**Prompt**
Everything from the line with "Welcome to ProjectsZone." to the line with "You'll move on" in the listing below, both lines included, needs to be copied exactly, apart from the pictures.

**Provided information**
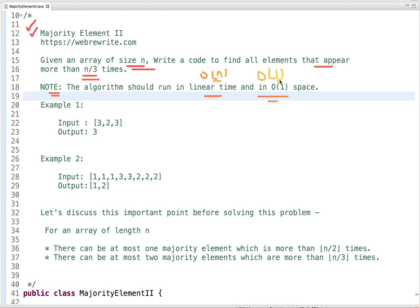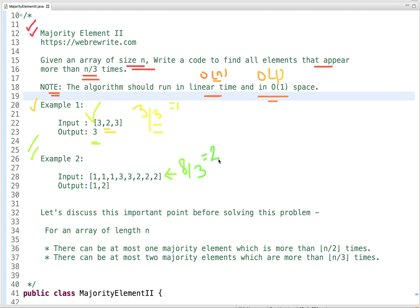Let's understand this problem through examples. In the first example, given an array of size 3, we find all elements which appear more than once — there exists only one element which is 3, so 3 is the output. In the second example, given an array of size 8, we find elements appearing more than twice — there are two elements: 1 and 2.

...

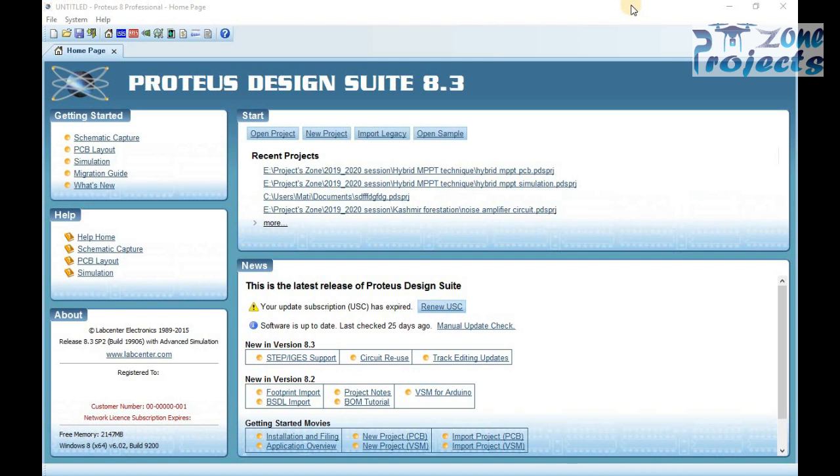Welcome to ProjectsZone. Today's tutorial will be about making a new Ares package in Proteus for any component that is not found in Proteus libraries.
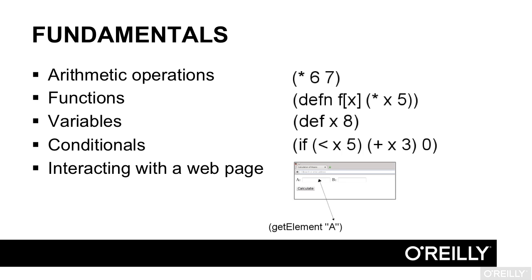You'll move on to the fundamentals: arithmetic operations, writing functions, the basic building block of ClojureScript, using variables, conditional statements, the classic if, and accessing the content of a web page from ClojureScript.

==

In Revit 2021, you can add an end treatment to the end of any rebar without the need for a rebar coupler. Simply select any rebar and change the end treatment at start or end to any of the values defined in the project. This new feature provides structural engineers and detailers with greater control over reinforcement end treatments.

**Result of the exercise**
Welcome to ProjectsZone. Today's tutorial will be about making a new Ares package in Proteus for any component that is not found in Proteus libraries.
You'll move on to the fundamentals: arithmetic operations, writing functions, the basic building block of ClojureScript, using variables, conditional statements, the classic if, and accessing the content of a web page from ClojureScript.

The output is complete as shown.